Crawled caption data
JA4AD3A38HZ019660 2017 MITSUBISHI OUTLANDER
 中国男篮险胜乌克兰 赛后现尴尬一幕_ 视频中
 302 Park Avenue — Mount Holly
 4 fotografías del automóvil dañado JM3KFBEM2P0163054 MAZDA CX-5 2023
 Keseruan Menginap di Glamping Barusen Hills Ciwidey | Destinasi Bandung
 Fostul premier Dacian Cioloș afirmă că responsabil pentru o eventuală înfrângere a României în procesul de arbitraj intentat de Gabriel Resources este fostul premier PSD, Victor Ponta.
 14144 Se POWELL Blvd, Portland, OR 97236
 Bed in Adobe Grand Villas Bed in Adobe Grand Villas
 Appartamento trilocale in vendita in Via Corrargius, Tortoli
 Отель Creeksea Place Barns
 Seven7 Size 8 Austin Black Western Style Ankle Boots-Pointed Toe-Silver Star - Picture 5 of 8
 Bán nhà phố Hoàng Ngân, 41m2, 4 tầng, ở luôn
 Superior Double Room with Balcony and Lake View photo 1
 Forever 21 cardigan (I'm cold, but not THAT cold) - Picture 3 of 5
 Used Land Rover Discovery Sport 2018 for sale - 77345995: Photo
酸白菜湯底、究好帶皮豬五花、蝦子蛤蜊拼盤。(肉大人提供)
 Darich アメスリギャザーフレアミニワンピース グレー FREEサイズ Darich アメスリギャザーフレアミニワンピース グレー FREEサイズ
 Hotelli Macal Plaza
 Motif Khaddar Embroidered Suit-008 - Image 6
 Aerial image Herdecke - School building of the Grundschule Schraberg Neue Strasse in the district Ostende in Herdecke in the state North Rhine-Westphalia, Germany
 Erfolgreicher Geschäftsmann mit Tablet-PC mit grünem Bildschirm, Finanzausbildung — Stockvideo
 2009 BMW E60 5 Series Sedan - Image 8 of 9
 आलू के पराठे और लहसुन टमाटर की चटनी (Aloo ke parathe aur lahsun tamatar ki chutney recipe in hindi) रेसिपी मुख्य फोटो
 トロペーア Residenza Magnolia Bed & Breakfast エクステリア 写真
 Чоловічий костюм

*What you need to do*
Reproduce exactly the entries above, limited to the lines from the one with "Отель Creeksea Place Barns" through the one with "2009 BMW E60 5 Series Sedan - Image 8 of 9", both included.

*Expected answer*
 Отель Creeksea Place Barns
 Seven7 Size 8 Austin Black Western Style Ankle Boots-Pointed Toe-Silver Star - Picture 5 of 8
 Bán nhà phố Hoàng Ngân, 41m2, 4 tầng, ở luôn
 Superior Double Room with Balcony and Lake View photo 1
 Forever 21 cardigan (I'm cold, but not THAT cold) - Picture 3 of 5
 Used Land Rover Discovery Sport 2018 for sale - 77345995: Photo
酸白菜湯底、究好帶皮豬五花、蝦子蛤蜊拼盤。(肉大人提供)
 Darich アメスリギャザーフレアミニワンピース グレー FREEサイズ Darich アメスリギャザーフレアミニワンピース グレー FREEサイズ
 Hotelli Macal Plaza
 Motif Khaddar Embroidered Suit-008 - Image 6
 Aerial image Herdecke - School building of the Grundschule Schraberg Neue Strasse in the district Ostende in Herdecke in the state North Rhine-Westphalia, Germany
 Erfolgreicher Geschäftsmann mit Tablet-PC mit grünem Bildschirm, Finanzausbildung — Stockvideo
 2009 BMW E60 5 Series Sedan - Image 8 of 9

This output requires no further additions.